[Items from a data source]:

====

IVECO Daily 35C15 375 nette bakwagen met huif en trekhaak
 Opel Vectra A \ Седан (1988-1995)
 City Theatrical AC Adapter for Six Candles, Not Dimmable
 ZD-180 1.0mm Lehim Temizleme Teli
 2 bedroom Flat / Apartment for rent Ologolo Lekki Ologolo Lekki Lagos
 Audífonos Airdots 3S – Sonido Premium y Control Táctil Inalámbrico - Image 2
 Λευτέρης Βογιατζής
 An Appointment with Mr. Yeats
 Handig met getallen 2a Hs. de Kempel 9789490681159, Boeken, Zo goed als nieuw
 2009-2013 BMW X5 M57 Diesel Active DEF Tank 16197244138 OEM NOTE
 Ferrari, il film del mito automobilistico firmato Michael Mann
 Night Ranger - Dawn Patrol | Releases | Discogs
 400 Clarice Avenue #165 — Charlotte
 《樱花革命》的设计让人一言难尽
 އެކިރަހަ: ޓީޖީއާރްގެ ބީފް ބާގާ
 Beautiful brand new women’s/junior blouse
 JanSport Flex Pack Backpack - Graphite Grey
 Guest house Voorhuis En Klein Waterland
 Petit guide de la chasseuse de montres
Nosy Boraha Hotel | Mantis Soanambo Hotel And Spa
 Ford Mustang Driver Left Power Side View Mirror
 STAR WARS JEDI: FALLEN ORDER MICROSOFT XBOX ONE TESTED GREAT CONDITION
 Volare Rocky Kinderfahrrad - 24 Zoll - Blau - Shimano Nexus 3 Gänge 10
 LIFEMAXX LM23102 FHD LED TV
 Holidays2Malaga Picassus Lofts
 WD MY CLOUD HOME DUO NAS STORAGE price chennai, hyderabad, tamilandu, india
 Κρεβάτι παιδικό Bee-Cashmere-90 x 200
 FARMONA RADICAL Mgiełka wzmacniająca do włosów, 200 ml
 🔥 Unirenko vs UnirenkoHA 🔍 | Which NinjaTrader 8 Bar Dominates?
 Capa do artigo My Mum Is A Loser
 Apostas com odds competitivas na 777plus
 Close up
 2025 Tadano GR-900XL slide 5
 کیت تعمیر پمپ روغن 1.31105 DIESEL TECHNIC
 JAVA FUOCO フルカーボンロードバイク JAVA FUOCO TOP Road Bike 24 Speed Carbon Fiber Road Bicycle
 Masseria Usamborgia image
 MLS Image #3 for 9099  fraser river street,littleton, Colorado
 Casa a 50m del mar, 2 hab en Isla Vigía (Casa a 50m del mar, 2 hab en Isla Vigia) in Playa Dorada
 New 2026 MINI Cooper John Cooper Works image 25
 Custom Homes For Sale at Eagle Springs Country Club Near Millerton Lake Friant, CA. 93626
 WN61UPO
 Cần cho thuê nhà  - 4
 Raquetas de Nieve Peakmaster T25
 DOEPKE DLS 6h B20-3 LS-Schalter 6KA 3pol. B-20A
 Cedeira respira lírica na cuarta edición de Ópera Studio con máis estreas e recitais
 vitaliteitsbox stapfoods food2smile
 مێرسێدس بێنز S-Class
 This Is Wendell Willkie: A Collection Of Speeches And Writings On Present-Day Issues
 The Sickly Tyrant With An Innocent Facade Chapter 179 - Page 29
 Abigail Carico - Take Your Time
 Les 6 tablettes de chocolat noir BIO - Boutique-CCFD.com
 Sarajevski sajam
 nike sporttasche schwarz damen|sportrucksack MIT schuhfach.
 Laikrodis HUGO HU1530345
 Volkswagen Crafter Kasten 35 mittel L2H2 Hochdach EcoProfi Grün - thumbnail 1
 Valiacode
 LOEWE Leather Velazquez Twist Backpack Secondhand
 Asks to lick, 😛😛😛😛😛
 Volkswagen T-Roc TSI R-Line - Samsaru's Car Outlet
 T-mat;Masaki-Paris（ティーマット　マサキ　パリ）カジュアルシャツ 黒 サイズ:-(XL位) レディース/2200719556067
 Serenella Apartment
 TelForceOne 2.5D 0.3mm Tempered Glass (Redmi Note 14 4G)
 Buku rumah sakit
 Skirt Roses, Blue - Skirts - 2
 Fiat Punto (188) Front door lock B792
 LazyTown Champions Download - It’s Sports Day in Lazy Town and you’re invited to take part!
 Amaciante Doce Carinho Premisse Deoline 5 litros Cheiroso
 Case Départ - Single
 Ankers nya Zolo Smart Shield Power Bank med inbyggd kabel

====

[Assignment]: What is needed is an exact copy of the lines from the one containing "Asks to lick, 😛😛😛😛😛" through the last line of the records, and nothing else.

[Task result]:
 Asks to lick, 😛😛😛😛😛
 Volkswagen T-Roc TSI R-Line - Samsaru's Car Outlet
 T-mat;Masaki-Paris（ティーマット　マサキ　パリ）カジュアルシャツ 黒 サイズ:-(XL位) レディース/2200719556067
 Serenella Apartment
 TelForceOne 2.5D 0.3mm Tempered Glass (Redmi Note 14 4G)
 Buku rumah sakit
 Skirt Roses, Blue - Skirts - 2
 Fiat Punto (188) Front door lock B792
 LazyTown Champions Download - It’s Sports Day in Lazy Town and you’re invited to take part!
 Amaciante Doce Carinho Premisse Deoline 5 litros Cheiroso
 Case Départ - Single
 Ankers nya Zolo Smart Shield Power Bank med inbyggd kabel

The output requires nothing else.